If you have a distributed model you have to make sure all of your workers on a single variant get the same HPs. Again, vizier. (Hi, I'm job 25 worker 3, what are my HPs?)

omrjml · on June 22, 2019

Francois Chollet has hinted at distributed being addressed. https://twitter.com/fchollet/status/1142515054647971840?s=19

jamesblonde · on June 22, 2019

Will it be distributed like "distributed tensorflow" (which requires to supply all IPs/ports in a TF_CONFIG env variable!).

formalsystem · on June 22, 2019

Can anyone comment on how this differs from https://github.com/hyperopt/hyperopt

jamesblonde · on June 22, 2019

With increasing dataset sizes and more compute/experimentation needed to get state-of-the-art results, hyperparameter tuning is becoming important. However, I think it needs to be supported by a framework for distributed computing.
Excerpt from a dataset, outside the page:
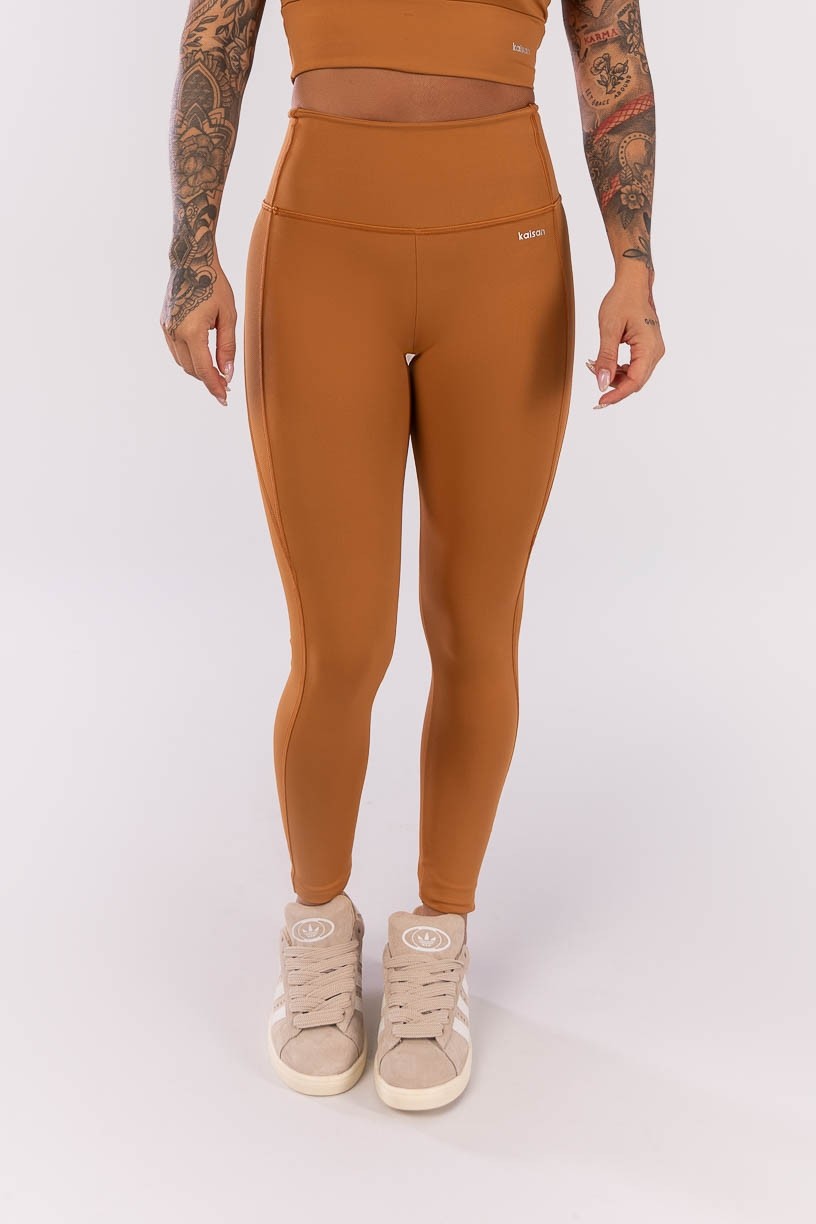 K3992-C_Calca_Legging_com_Recortes_e_Cobertura_Marrom__Ref:_K3992-C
We also think it is better to centralize all hyperparameters is an Optimizer object rather than have to (1) change existing code and (2) have hyperparameters spread out throughout the code (which would have to be rewritten again for distributed training).

We did something similar to this, but it is data-parallel and is Python (built on top of PySpark) and supports a resource mgr with GPUs so that you can allocate GPUs to Spark executors. The main challenge we had was actually printing out logs live in the Jupyter notebook, while keeping the code Pythonic. Data Scientists do not like to leave their notebook to read logs - even if they know their are 10s of hundreds of parallel executors generating them.
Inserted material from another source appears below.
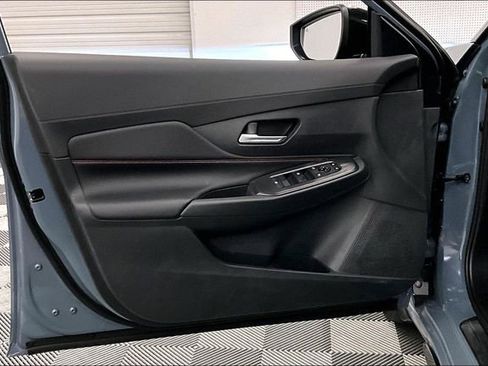 New 2026 Nissan Sentra SR FWD image 32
https://twitter.com/jim_dowling/status/1141847097756520453

isoprophlex · on June 22, 2019

There is no indication that Keras Tuner will neglect distributed search.
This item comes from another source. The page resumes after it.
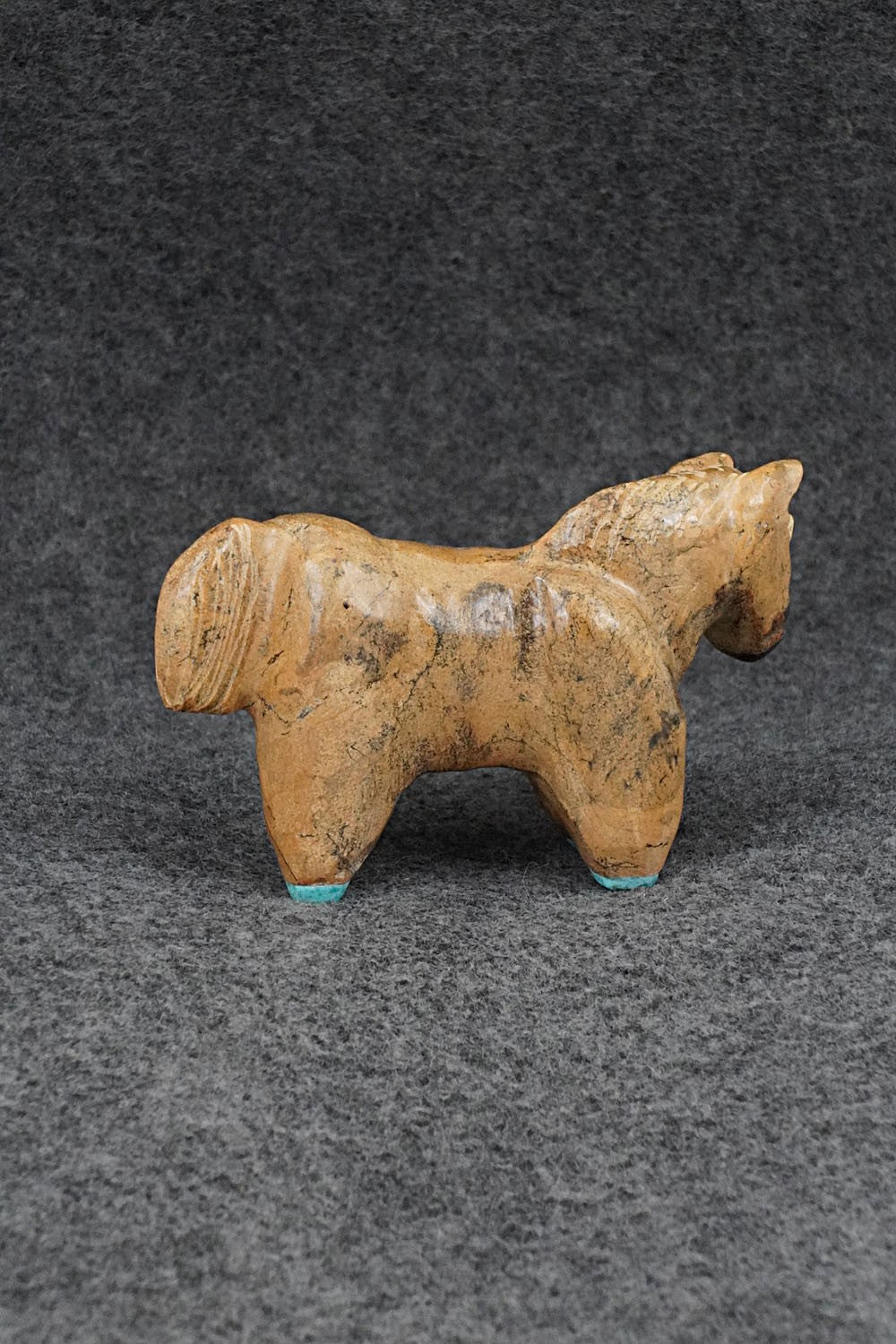 Horse Zuni Fetish Carving - Freddie Leekya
Also... In that linked tweet I read the word "pythonic", but that screenshot looks like a big, monolithic plate of spaghetti to me.

https://pbs.twimg.com/media/D9iuQ6SWkAEVw9s.jpg

jamesblonde · on June 22, 2019

Firstly, i never said it couldn't be distributed. You then ignored my (important) points about code needing to be changed (transparency broken) and hyperparameters distributed throughout the code base. And your criticism of the code linked above is suffice to say lacking in any detail. So to summarize your reply: attack something i never claimed, then insult our work without any basis.

sgt101 · on June 22, 2019

What is the experience of people using tuned models in production? Do you see an embrittling of the model as it get tuned?

andbberger · on June 23, 2019

Super happy to see the keras team introduce official support for hyperparameter tuning. That should make it a lot easier to get off the ground for simple projects.

Currently ray.tune is by far the best available hyperparam tuning package period, and when it comes to scaleout. I bet we'll some integrations with keras soon

mark_l_watson · on June 22, 2019

That looks great. It was not immediately clear to me how the parameters are tweaked. build_model has a hyper parameter tuning parameter hp that is modified but it would be good to add a paragraph explaining what values get tweaked.